This is a simple lexer generator written in c. It compiles a special c-like file to c, similar to lex.
Clone the project using the following command:
git clone --recursive-submodules [email protected]:BadGraphixD/reglex.git
Run make to build the reglex executable.
To clean the project, run make clean.
To test the project, write a lexer specification (with the reglex instruction emit_main)
into the file test/lexer.reglex and run make test in the root directory. This will
build the executable ./test/lexer, which reads from stdin, tries to divide the input stream
into tokens and executes the corresponding code actions.
The reglex executable converts a valid lexer specification, which can be passed as a file or via
stdin (for the syntax, look at the comment in reglex.c and the examples test/*.reglex;
for how to use the reglex executable, simply call it with the -h or --help option). It
converts the given regular expressions and their code actions into c code.

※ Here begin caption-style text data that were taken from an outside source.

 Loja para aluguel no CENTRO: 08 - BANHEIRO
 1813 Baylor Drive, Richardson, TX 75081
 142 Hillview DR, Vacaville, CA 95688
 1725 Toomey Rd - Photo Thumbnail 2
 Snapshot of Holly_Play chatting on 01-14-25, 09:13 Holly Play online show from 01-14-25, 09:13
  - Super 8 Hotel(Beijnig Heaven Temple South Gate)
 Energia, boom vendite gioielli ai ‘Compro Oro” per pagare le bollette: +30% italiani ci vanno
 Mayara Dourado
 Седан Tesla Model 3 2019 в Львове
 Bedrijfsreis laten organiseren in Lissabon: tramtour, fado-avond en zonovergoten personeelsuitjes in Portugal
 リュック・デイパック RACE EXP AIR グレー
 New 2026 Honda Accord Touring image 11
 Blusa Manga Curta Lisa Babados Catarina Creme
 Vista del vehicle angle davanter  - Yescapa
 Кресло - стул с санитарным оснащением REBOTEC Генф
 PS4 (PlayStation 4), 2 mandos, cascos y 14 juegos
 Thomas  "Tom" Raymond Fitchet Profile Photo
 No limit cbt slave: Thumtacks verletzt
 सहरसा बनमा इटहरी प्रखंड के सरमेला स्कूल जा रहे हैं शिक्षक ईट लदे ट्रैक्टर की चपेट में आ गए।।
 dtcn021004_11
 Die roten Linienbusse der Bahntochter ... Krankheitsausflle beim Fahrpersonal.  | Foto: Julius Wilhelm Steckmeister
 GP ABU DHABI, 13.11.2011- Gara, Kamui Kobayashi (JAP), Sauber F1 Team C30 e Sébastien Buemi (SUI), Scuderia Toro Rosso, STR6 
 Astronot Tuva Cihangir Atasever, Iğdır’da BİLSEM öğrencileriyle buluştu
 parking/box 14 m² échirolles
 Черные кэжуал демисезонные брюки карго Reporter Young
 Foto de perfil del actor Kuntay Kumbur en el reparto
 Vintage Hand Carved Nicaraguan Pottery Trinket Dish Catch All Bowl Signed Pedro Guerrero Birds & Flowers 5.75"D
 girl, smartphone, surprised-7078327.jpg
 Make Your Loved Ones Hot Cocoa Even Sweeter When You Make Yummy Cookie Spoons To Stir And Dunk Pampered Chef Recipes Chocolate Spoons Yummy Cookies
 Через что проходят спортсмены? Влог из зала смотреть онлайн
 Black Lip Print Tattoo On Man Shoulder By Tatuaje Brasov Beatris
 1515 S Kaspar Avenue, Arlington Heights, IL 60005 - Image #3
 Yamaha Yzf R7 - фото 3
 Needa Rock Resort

The token specs in the spec file are converted into automata, combined into one large automata,
optimized and then converted into c code. For that, my c library regex2c is used. This
library allows the automata's end nodes to be tagged, which makes them behave differently. This
is the mechanism, which allows the lexer to differentiate between tokens during parsing, while
only using one state-machine.
There is only one problem: backtracking When a token can be matched, the parser continues to parse, with the hopes of finding an even bigger match. Each time a token could be matched, it saves a checkpoint. When the next char can't be matched anymore, it has to backtrack to the last checkpoint. Since all tokens are parsed by the same state-machine, we don't need to run the parser over the same chars multiple times. Only the chars since the last checkpoint need to be parsed again.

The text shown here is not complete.